Thursday, May 10, 2012
Our First Miscarriage
Josh and I found out around Oct 10th that we would be expecting our 4th
baby! At first I was not too excited because I had just become content
with only having our 3 boys. It took a couple weeks but I started to get
really excited. I was feeling morning sickness and everything seemed to
be on track. Then a couple weeks later I started cramping really bad
which I was told is normal once you have had children before...but my dr
decided to do an ultrasound just to make sure. So we went in on Nov
1st. At that point I should have been at least 7 weeks pregnant and I
was sure it was closer to 9 weeks along. The ultrasound tech found the
baby but it was only measuring 5 weeks and 1 day. So the dr and
ultrasound tech decided that they would give me another week because
sometimes babies grow differently or my dates could be off. So they sent
me on my way and told me that they didn't really know what to expect
and that it could go either way.
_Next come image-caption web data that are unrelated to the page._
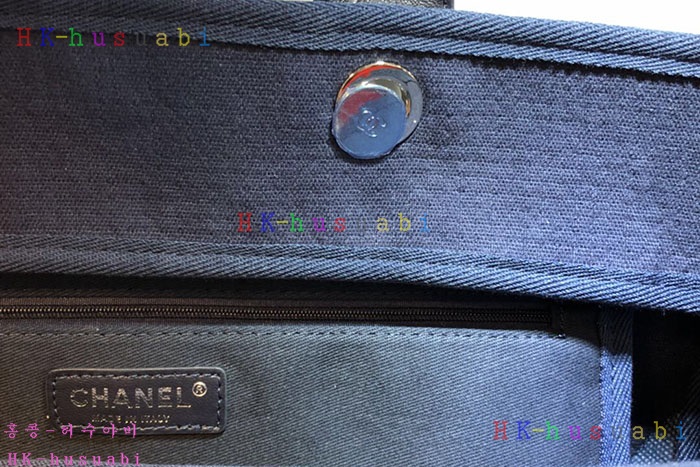 �ڹ̷��ޡ� ���� �Ż� ��Ʈ�� CH  A57161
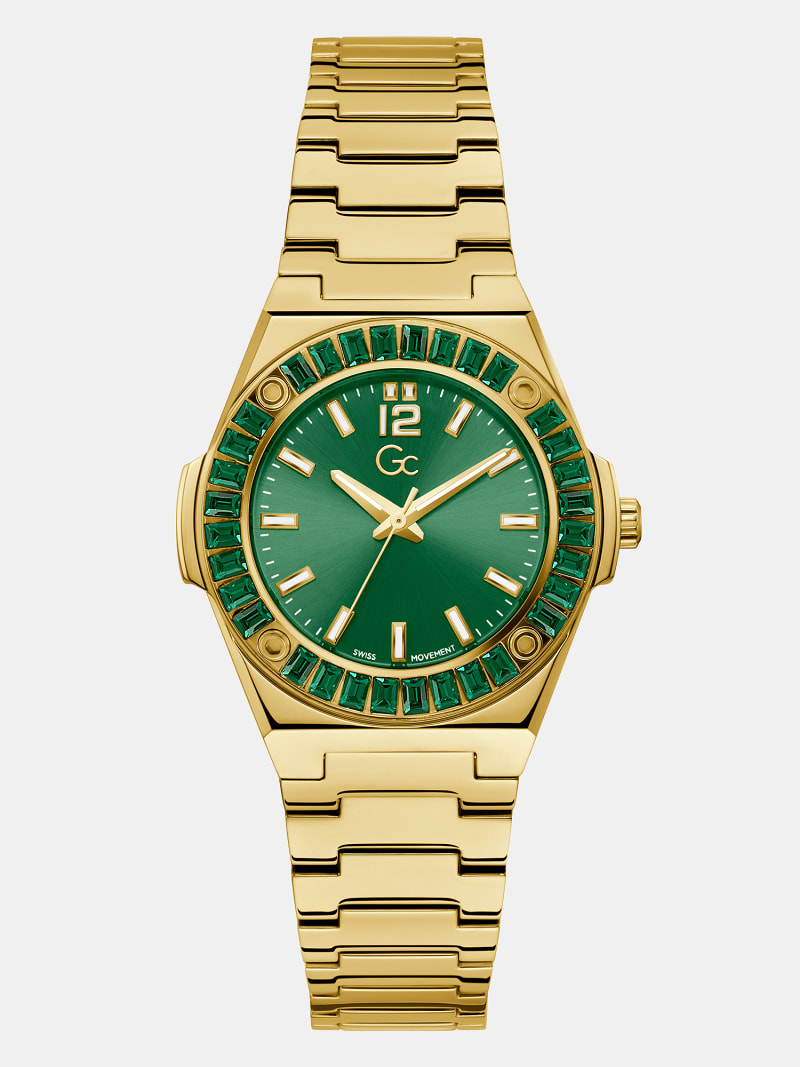 Gc femme ladies watch cheap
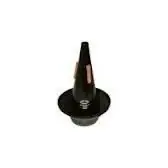 Demper Eb cornet Peter Gane PG006 Tijdelijk Beschikbaar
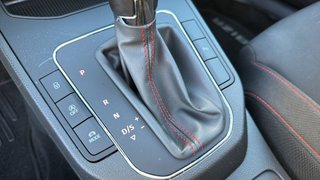 SEAT Ibiza 1.5 TSI FR Go DSG 110 kW (150 CV)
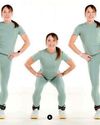 Women's Fitness UK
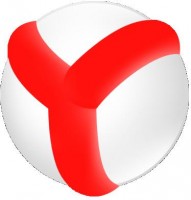 Программа Яндекс.Браузер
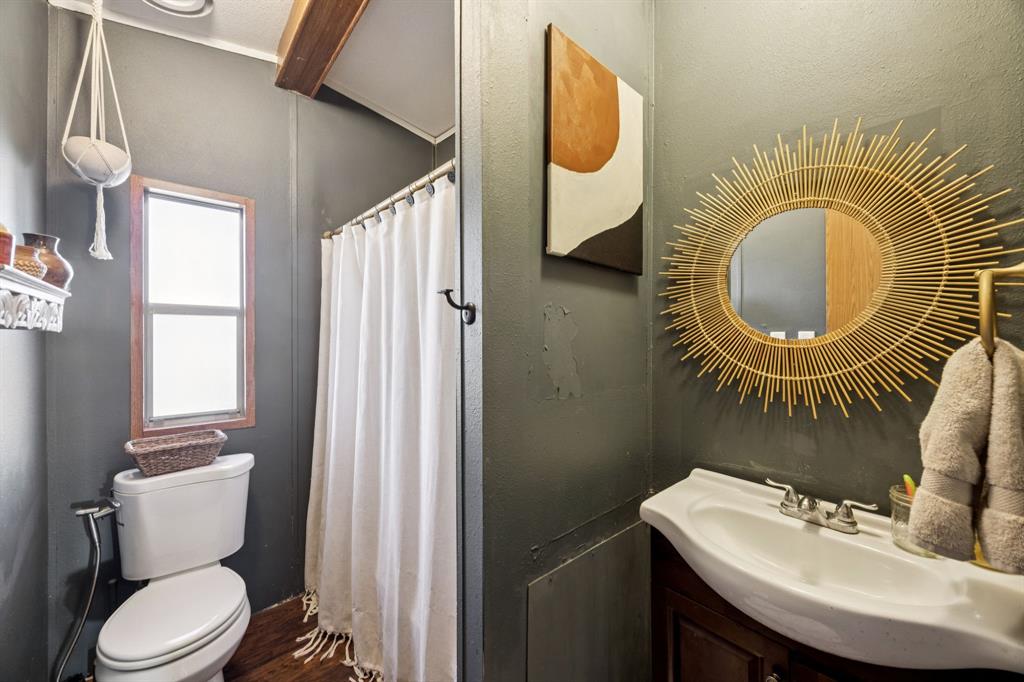 Pp Barnes Abs 25 - Residential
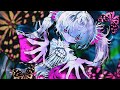 9i / 初音ミク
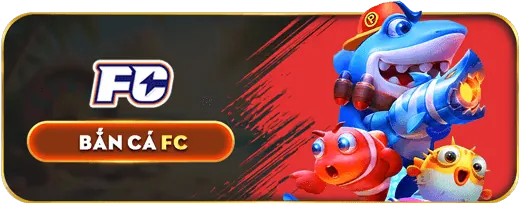 VTY57 bổ sung nhiều trò chơi mới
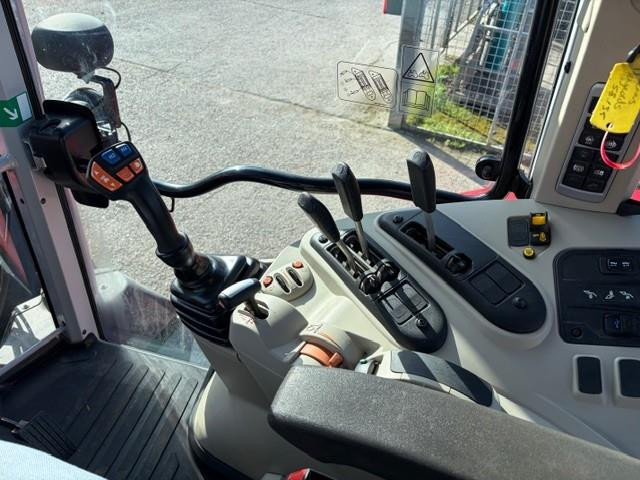 11dab06d-94a7-4fc8-ba74-eda1e0ae8b49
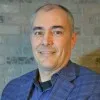 Jason Nieman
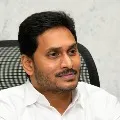YSRCP recognition will continue says Delhi High Court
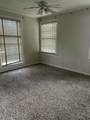 2314 Cleveland Street - Photo 10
So we scheduled an appointment for Nov
7th. The whole week I was anxious and freaking out because I did not
want to lose this baby! Finally on Saturday, I was filled with peace and
I just knew that everything was going to be okay and that God was
holding me and that everything would be fine! So Monday came and I was
calm and excited to see the miracle that would happen before my eyes. We
went in and the ultrasound tech began doing the ultrasound and the sac
was there but the baby was gone. All I heard was "I am so sorry". So we
got dressed went out to the FULL waiting room and had to wait to get
called back to see our Dr. It was awful not only was I in a full waiting
room but surrounded by pregnant women, or women with new babies. I felt
all eyes on me as I had tears running down my face. They finally called
us back to a room and we waited and waited for what seemed like
forever! Finally my dr came in and said, "I am so sorry you guys." She
let us know we had a blighted ovum, which basically means that the baby
could not develop past 6 weeks and that it eventually dissolves into the
sac. She said that in this type of pregnancy their are chromosome
issues which cause it not to fully develop. As of that ultrasound the
baby was not in the sac and the sac had stopped growing. The dr let me
know of my options, and so Josh and I decided to try natural and then go
with the pills at the end of the week, which would help in causing
miscarriage. After we left we prayed and prayed over our loss and our
baby who is now in Heaven. We prayed that God would have me miscarry on
my own and that I wouldn't have to take the pills! That night God
answered my prayer by allowing me to start miscarrying on my own. Josh
and I are heartbroken over our loss and pray that God will continue to
hold our family close as we deal with the loss of this precious baby!